In that way it wasn't really a conscious thing for a long time. Once I started really getting into the electronic music world I was enamored by it. It seemed so new and so different from the onslaught of terrible 90's rock bands, and it always felt like, and in some ways still feels like there is the world of music, and the world of electronic music. It was a different place with it's own set of rules and I really liked that.
The Issues
In your own words "today, young Americans have very little to look forward to except endless war, endless debt, no social security..." Is it really all that bad over there?
It is and it isn't. America on the whole is still a great place to be, but the direction we're heading seems scary sometimes. I honestly don't know much about politics, and my feelings about what's happening here stem from what I see in the people I know.

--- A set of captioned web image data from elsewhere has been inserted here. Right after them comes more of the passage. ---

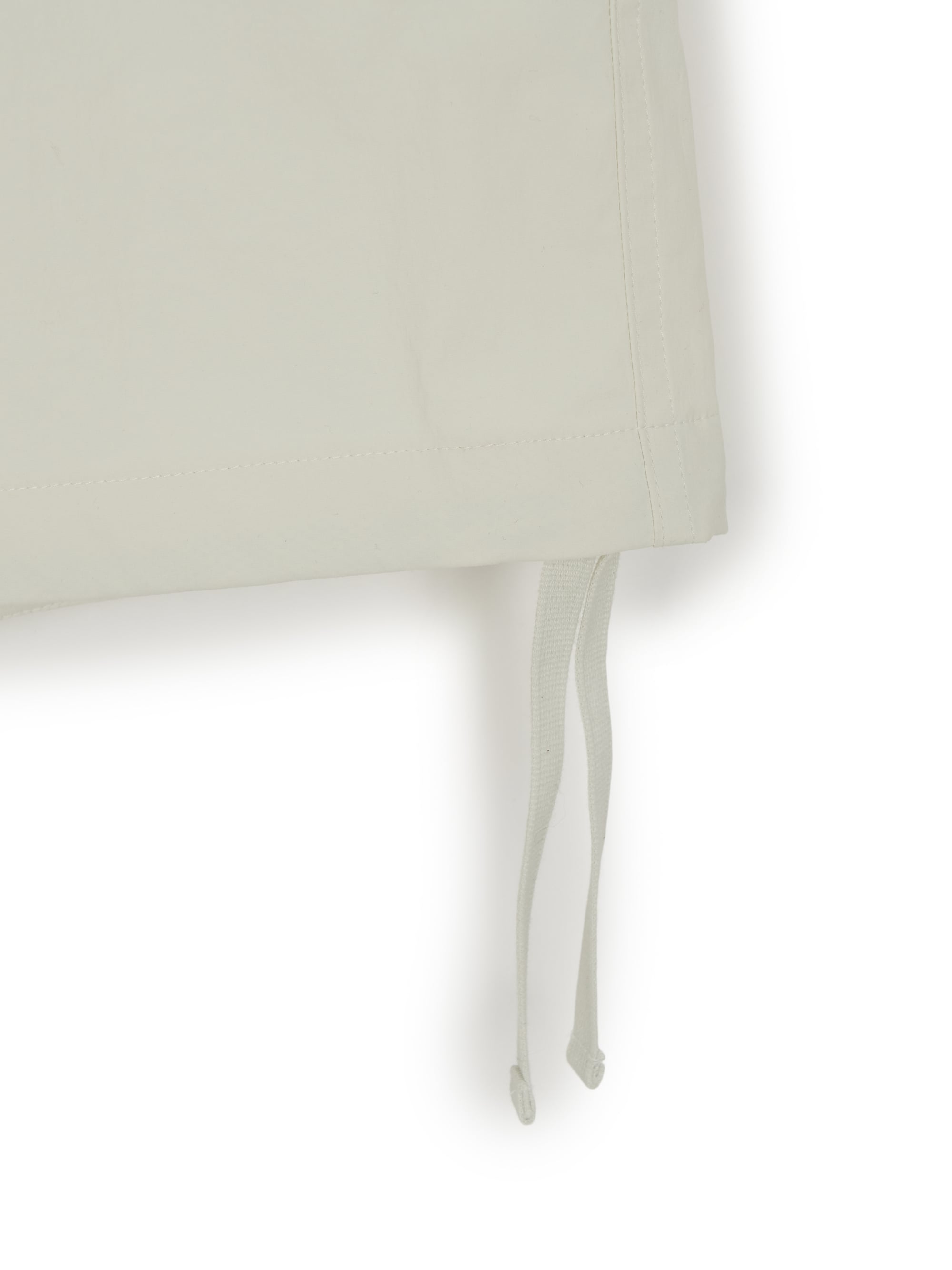 Light Weight Cotton Touch Carpenter Bermuda Shorts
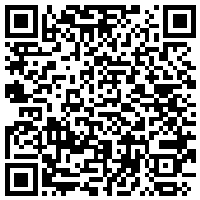 QR Code for bitcoin:bitcoin:bitcoin:bitcoin:bitcoin:bitcoin:dash:XdmcZ29CBTXeSkCMy8g6EBdQbkHaCbiZCh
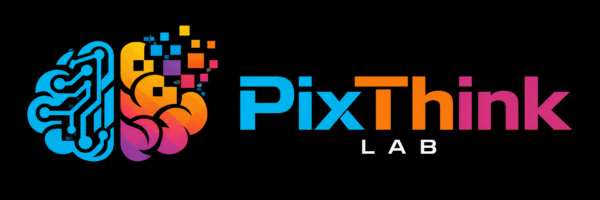 PixThinkLab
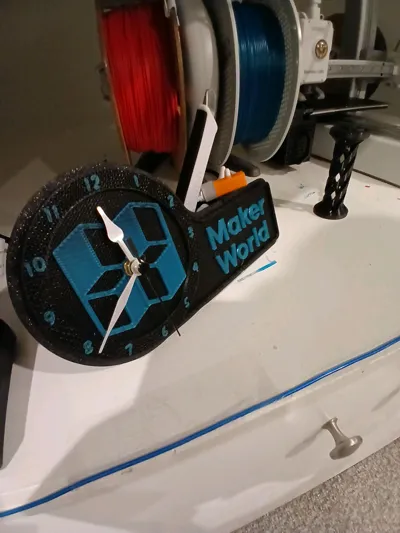 https://makerworld.bblmw.com/makerworld/model/134036/1294389/ratings/ed8e5b90-bd92-11f0-85a2-47bce3ee0a84.jpg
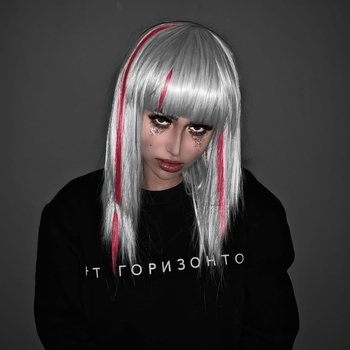 Anton Lacosta feat Tori Kvit - Maleficent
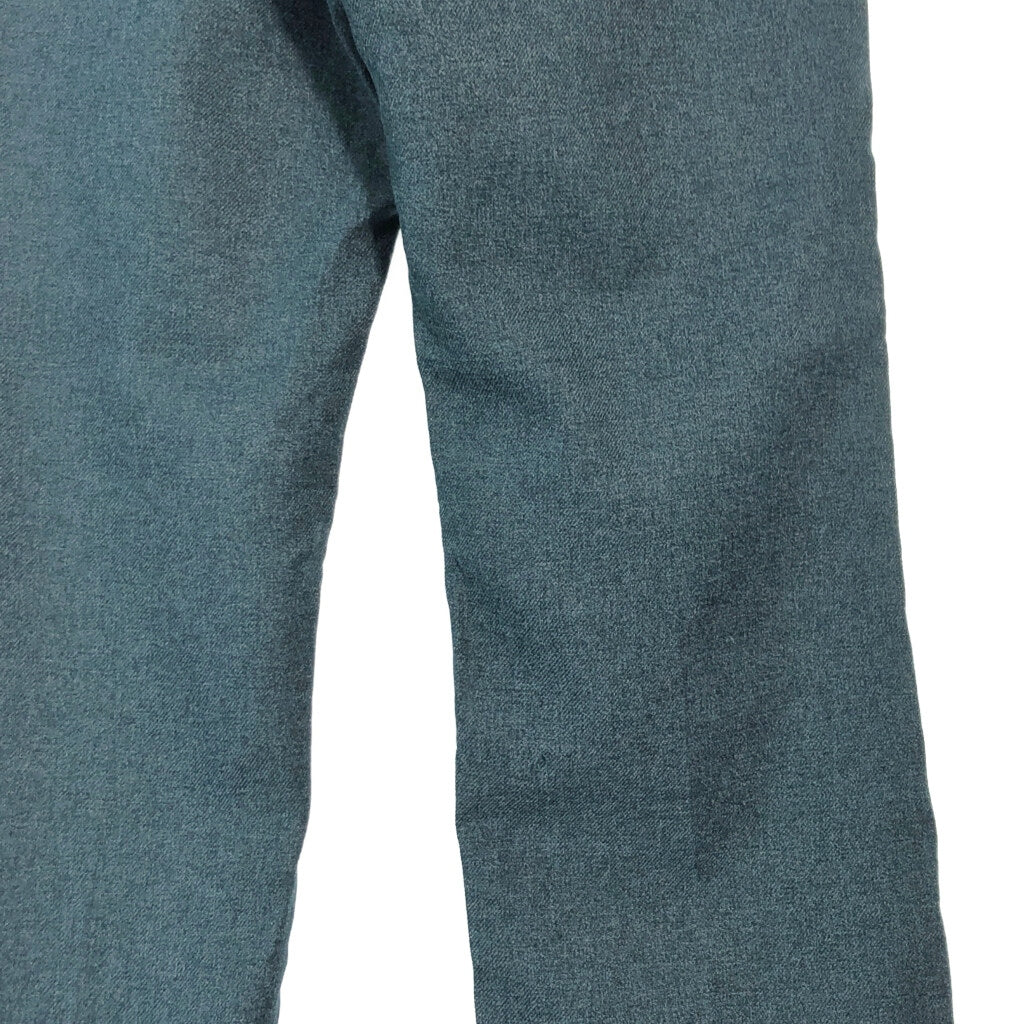 90s Levi's STA-PREST Staflex Pants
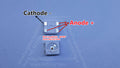 For  Automotive   LED  signal  Application   JUFEI    Automotive  LED    0.175W    Yellow    3528  PLCC4     01.JA.CC3528Y65P03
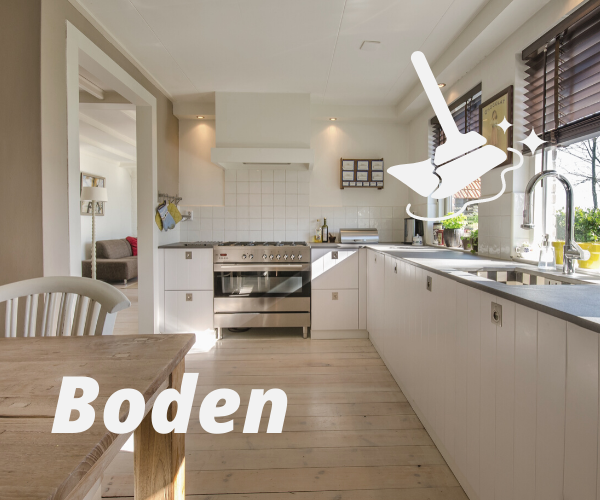 boden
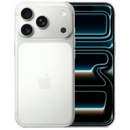 APPLE IPHONE 17 PRO 1TB SILVER MG8P4HX/A - EUROBABYLON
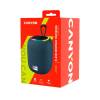Canyon CNE-CBTSP8G Bluetooth hangszóró CNE-CBTSP8G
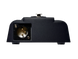 Настільна стійка для мікрофону Audio-Technica AT8688S AT-1023 фото 2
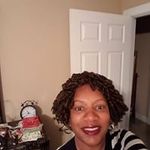 Mary Ann Thomas - @maryann.thomas.7399786 - Instagram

People are broke, they're overworked, and they're not making as many financial commitments because it's barely worth it anymore. And as things get worse for the majority, our leaders continue to make decisions that reduce the quality of life for the average person, setting the divide even further. It just feels perverse now that schools still subliminally teach the virtues of getting married, owning a house, two cars and working at one job your whole life straight from education.
Because the reality seems more like you're told at a young age that you won't be happy or have a good quality of life unless you have these things. But, in order to get all those things, you have to put yourself so far in debt that your entire life, or at least a large portion of your healthiest years, is spent working only to pay back all the loans it took you to get there.
Do you have any solutions?
Pursue your own dreams, don't let outside forces influence that, and don't let fear of failure prevent you from following that pursuit because there is no end game, the real joy is in the chase itself. Now I know this sounds like I'm a talking motivational poster here, and I don't mean to go around giving half baked advice about how to 'succeed in life'.
But I can say from personal experience my entire life was miserable, confusing and frustrating before I decided to go after my statistically unrealistic dream of making music for a living. And I'm not famous, nor rich, and I wouldn't say I'm a success story worthy of a biography. But it doesn't matter because - I am doing exactly what I want to be doing.
Regarding your own experience of high school, was it more Ferris Bueller or Heathers?
Oh wow, uh... I can't say it was even close to either of those, I feel like it was closer to Gummo. I was fat and weird and unpopular. But for my junior and senior years of high school I went to a place dedicated to the arts; I opted for visual art. I would say that the school was like Fame, mixed with Hackers, albeit with an uglier cast.
You're also an artist, given the choice, or if the choice were forced upon you, would you prefer to make money from drawing or producing?
Producing. I could not pursue drawing for work because the dynamic between me and my drawings is one where I feel I'm almost at the whim of the pen and paper and not the other way around. I can sit down under pressure and produce songs and even handle the minutia of making computer music, but when it comes to drawing, I can't force myself.
Sitting down to draw is my vacation, it's my imagination land, it's my diary, and I've always avoided trying to harness that for money because I don't know what I would do if I didn't have that way to escape. So, make beats for work, draw for fun. That sounds just about right.